### Goal of the exercise
Locate all lines in the data below that hold "Foto" and show them.

**** Supplied data

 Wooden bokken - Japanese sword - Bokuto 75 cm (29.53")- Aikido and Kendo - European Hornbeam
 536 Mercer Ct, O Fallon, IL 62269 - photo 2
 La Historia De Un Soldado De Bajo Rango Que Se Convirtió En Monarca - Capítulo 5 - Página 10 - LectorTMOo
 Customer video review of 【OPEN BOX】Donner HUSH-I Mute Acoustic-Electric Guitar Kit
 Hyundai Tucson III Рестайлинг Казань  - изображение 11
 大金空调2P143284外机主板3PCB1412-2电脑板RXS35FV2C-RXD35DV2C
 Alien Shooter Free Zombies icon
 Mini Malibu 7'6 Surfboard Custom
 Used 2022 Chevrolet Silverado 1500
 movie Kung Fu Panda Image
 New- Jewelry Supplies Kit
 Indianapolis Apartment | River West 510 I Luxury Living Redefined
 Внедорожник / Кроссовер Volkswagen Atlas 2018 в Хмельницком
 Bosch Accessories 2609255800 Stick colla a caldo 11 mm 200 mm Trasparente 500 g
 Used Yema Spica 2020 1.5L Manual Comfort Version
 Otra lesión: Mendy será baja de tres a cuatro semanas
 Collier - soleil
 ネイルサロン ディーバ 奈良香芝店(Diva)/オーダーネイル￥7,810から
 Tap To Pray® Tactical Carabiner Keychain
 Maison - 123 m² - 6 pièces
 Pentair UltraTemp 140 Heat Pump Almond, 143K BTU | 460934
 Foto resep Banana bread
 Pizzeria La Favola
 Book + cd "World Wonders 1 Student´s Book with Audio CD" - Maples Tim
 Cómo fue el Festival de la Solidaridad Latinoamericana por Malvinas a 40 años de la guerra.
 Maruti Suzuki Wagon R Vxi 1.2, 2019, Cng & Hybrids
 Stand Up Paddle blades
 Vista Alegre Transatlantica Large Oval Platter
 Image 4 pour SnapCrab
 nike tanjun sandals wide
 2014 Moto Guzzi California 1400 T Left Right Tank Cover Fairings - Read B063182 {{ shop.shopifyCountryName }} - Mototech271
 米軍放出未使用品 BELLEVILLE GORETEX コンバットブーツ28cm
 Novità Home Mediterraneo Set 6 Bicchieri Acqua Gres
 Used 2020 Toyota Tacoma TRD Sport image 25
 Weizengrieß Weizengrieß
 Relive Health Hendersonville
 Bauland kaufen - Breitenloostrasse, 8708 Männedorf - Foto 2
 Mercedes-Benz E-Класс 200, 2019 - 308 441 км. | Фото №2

********

### Exercise answer
 Foto resep Banana bread
 Bauland kaufen - Breitenloostrasse, 8708 Männedorf - Foto 2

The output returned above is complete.